Tout commença dans un club féminin de Londres, une après-midi de février -le club était inconfortable, l'après-midi morose- lorsque Mrs Wilkins, qui était descendue de Hampstead pour faire des courses et venait de finir son déjeuner, ouvrit le Times et tomba sur la petite annonce suivante :
   A tous ceux qui aiment les glycines et le soleil.Italie. Mois d'Avril. Particulier loue petit château médiéval meublé bord   Méditerranée. Domesticité fournie. Répondre au Times sous la référence Z1000

 Avril enchanté

Si comme moi, l'eau vous monte à la bouche en lisant ces premières lignes, vous aurez peut-être envie de découvrir Elizabeth Von Arnim, cousine de Katherine Mansfield , née en 1866 en Australie, élevée à Londres, ayant longtemps vécu à Berlin et en Poméranie auprès de son premier époux, auteur d'un grand succès de librairie  "Elizabeth et son jardin allemand" qui sera suivi de vingt et un romans ; la belle a ensuite une liaison tapageuse avec H.G.Wells,  contracte un second mariage qui semblerait n'avoir été guère heureux, vit un peu en France , en Suisse aussi, meurt aux Etats-Unis ...et est classée auteur anglaise, de part sa langue d'écriture
Ca vous a un petit côté "chez les heureux du monde" , tout de suite , là, non ?...

Las, le sens de l'humour peut se rassir et les situations se dater irrémédiablement ; si le départ de trois jeunes femmes et d'une douairière pour une Italie de rêve donne souvent à sourire en effet, une fin digne d'une opérette m'a franchement gâté le plaisir. Rétrospectivement.

Si deux de ces dames fuient des mariages devenus pathétiquement ternes, une autre cherche un lieu où elle pourrait se reposer de sa vie mondaine (si si) la quatrième vient chauffer ses rhumatismes au soleil à peu de frais ; sous l'influence du bon soleil italien et d'une dose de dépaysement jusque là inconnu, tous vont se métamorphoser, l'acariâtre devenir bonne, la jolie-mais-qui-ne-rêve-que-de-tranquillité (re)tomber amoureuse, et les deux épouses ...rappeler leurs maris, dont les écailles tombent des yeux afin qu'ils découvrent comme elles sont délicieuses ces petites dames ...
Whouff, comment dire, ce genre de happy end il faut savoir l'amener ! Bon, il me faudrait une option B, là, pour la fin, Elizabeth, retravaillez moi ça et enlevez moi une cinquantaine de pages au passage, voulez vous ?

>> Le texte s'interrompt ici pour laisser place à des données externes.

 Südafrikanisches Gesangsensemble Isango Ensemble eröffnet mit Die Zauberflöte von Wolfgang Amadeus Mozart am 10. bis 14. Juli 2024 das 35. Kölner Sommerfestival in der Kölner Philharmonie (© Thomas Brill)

Tout n'est pas à jeter, loin de là, mais dans le genre anglais, léger et légèrement iconoclaste on a fait beaucoup mieux je pense (oui, je pense par exemple à "Toute passion abolie" de Vita Sackville-West ;-)

Le premier personnage du roman, c'est bien le jardin , lui est toujours authentique et convaincant; on hume de délicieux parfums, on se promène paresseusement, on s'écroule dans une chaise longue sous l'ombre d'un canisse, on fait provision de soleil... 
Ce livre peut de ce point de vue remplacer avantageusement une cure de vitamine D , pensez y :-)

Extraits : 
Les observations de Mrs Wilkins avaient été très mal reçues par Mrs Fisher. Chaque fois que cette femme ouvrait la bouche c'était pour dire quelque chose qu'il eut mieux valu garder sous silence. Dans le cercle que fréquentait Mrs Fisher on n'évoquait pas son mari à tout propos. Autour de 1880, sa grande époque, les maris étaient pris très au sérieux -il n'existait pas d'autre remède contre le péché. Des lits non plus on ne parlait, quand vraiment on ne pouvait l'éviter, qu'avec un luxe de précautions oratoires. En tout cas jamais on ne se serait permis de faire apparaître dans une même phrase un lit et un mari.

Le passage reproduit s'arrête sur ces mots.